Adding Rolling File Support

The code for the entire chapter can be found at the src/chapter_04.5 directory

Since the beginning of Chapter 4, where we introduced logtar, our own logging library, we have been discussing the rolling file support. This involves creating new files based on the rolling configuration set in config.json or provided via the LogConfig.from_json method. In this chapter, we will finish building this feature.

Rolling features

In our RollingConfig class, we defined 2 private variables - #time_threshold and #size_threshold

// file: lib/config/rolling-config.js

class RollingConfig {
    #time_threshold = RollingTimeOptions.Hourly;
    #size_threshold = RollingSizeOptions.FiveMB;

    ...
}

#time_threshold

This defines how often do we need to create a new file. For example, if the set value is RollingTimeOptions.Hourly that means, we'll be creating a new log file every hour.

#size_threshold

This property tells what should be the maximum size of a log file. If it exceeds the size, we'll simply create a new log file.

Let's start coding.

The rolling_check() method

We're going to introduce a new private method Logger.rolling_check, that is going to take care of the rolling logic.

// file: lib/logger.js

class Logger {
    ...
    /**
     * Checks if the current log file needs to be rolled over.
     */
    async #rolling_check() {
        const { size_threshold, time_threshold } = this.#config.rolling_config;

        const { size, birthtimeMs } = await this.#log_file_handle.stat();
        const current_time = new Date().getTime();

        if (size >= size_threshold || (current_time - birthtimeMs >= time_threshold * 1000)) {
            await this.#log_file_handle.close();
            await this.init();
        }
    }
    ...
}

file_handle.stat()

Let's go through the code line by line:

const { size_threshold, time_threshold } = this.#config.rolling_config;

This line above destructures the size_threshold and time_threshold properties from the rolling_config member object.

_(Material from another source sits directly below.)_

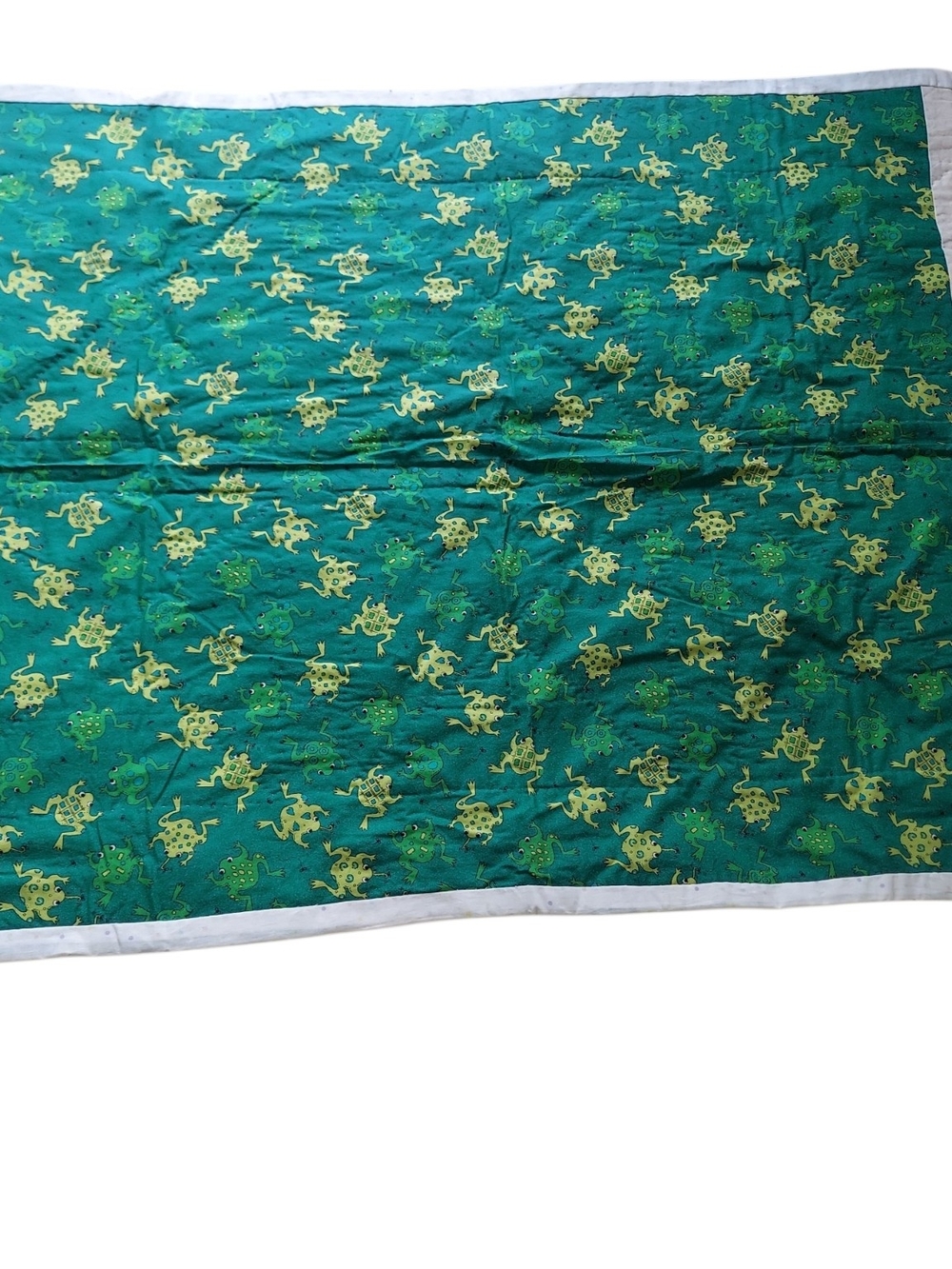 Handmade Reversible Frog Baby Quilt Blanket Green Nursery Crib Stroller 30x42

const { size, birthtimeMs } = await this.#log_file_handle.stat();

We're destructuring the size and the birthtimeMs properties from the file_handle.stat() method.

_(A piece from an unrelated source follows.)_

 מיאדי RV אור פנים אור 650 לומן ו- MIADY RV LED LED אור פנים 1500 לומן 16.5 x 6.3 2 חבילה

Node.js provides us with a stat method on the FileHandle class, that can be used to check various stats of a file. The stat method provides a lot of useful information about the current file/file_handle. Some of them are methods, and some are properties.

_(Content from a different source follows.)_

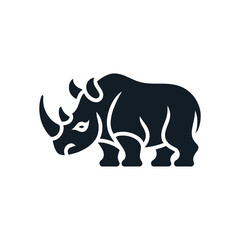 Rhino icon on White Background Vector Art Illustration on white background.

Let's take a look at some of the useful information provided by file_handle.stat():

// Returns true if the `file_handle` is a file. Fails if the file handle is
// pointing to a directory instead
file_handle.stat().isFile();

// Returns true if this `file_handle` refers to a socket
file_handle.stat().isSocket();

// Numeric indentifier of the device which contains this file.
file_handle.stat().dev;

// The size of the file in bytes.
file_handle.stat().size;

// Time since this file was last accessed, in `ms`
file_handle.stat().atimeMs;

// Time since the file was last modified, in `ms`
file_handle.stat().mtimeMs;

// Time since the last time it's file status changed.
// File status is a two-byte code that indicates how a file operation completed;
// either successfully, or with some form of error.
file_handle.stat().ctimeMs;

// Time since this file was created, in `ms`
file_handle.stat().birthtimeMs;

// Same methods as above, but the value is in `ns` (nanoseconds)
// 1 ns = 1,000,000 ms
file_handle.stat().atimeNs;
file_handle.stat().mtimeNs;
file_handle.stat().ctimeNs;
file_handle.stat().birthtimeMs;

// Same methods as above, but the type of this is `Date`. The actual javascript Date class
file_handle.stat().atime;
file_handle.stat().mtime;
file_handle.stat().ctime;
file_handle.stat().birthtime;

I've omitted the ones that are not of any use for us.

const current_time = new Date().getTime();

We are creating a new Date object and uses the getTime() method to obtain the current time in milliseconds since epoch.

if (size >= size_threshold || (current_time - birthtimeMs >= time_threshold)) {

We'll be creating a new file:

  • If the size of the log file is greater than or equal to the size_threshold, or
  • If the time difference between current_time and birthtimeMs (file creation time) is greater than or equal to the time_threshold.
await this.#log_file_handle.close();

Closes the file handle after waiting for any pending operation on the handle to complete. This is important. We should make sure if there are any pending operations, or the Node.js runtime hasn't flushed (written) the entire file, we're going to wait till then.

When everything is flushed, we're simply closing the file handle, so nothing in our application will access this file again.

await this.init();

We call the Logger.init method to create the new file again. Here's the code for init() just in case:

async init() {
    const log_dir_path = check_and_create_dir("logs");

    const file_name = this.#config.file_prefix + new Date().toISOString().replace(/[\.:]+/g, "-") + ".log";
    this.#log_file_handle = await fs.open(path.join(log_dir_path, file_name), "a+");
}

Calling the rolling_check method

Where are we going to call this method that we just created? Of-course, it's the Logger.#log method.

class Logger {
    ...
    async #log(message, log_level) {
        if (log_level < this.#config.level || !this.#log_file_handle.fd) {
            return;
        }

        await this.#rolling_check(); // Call the check method.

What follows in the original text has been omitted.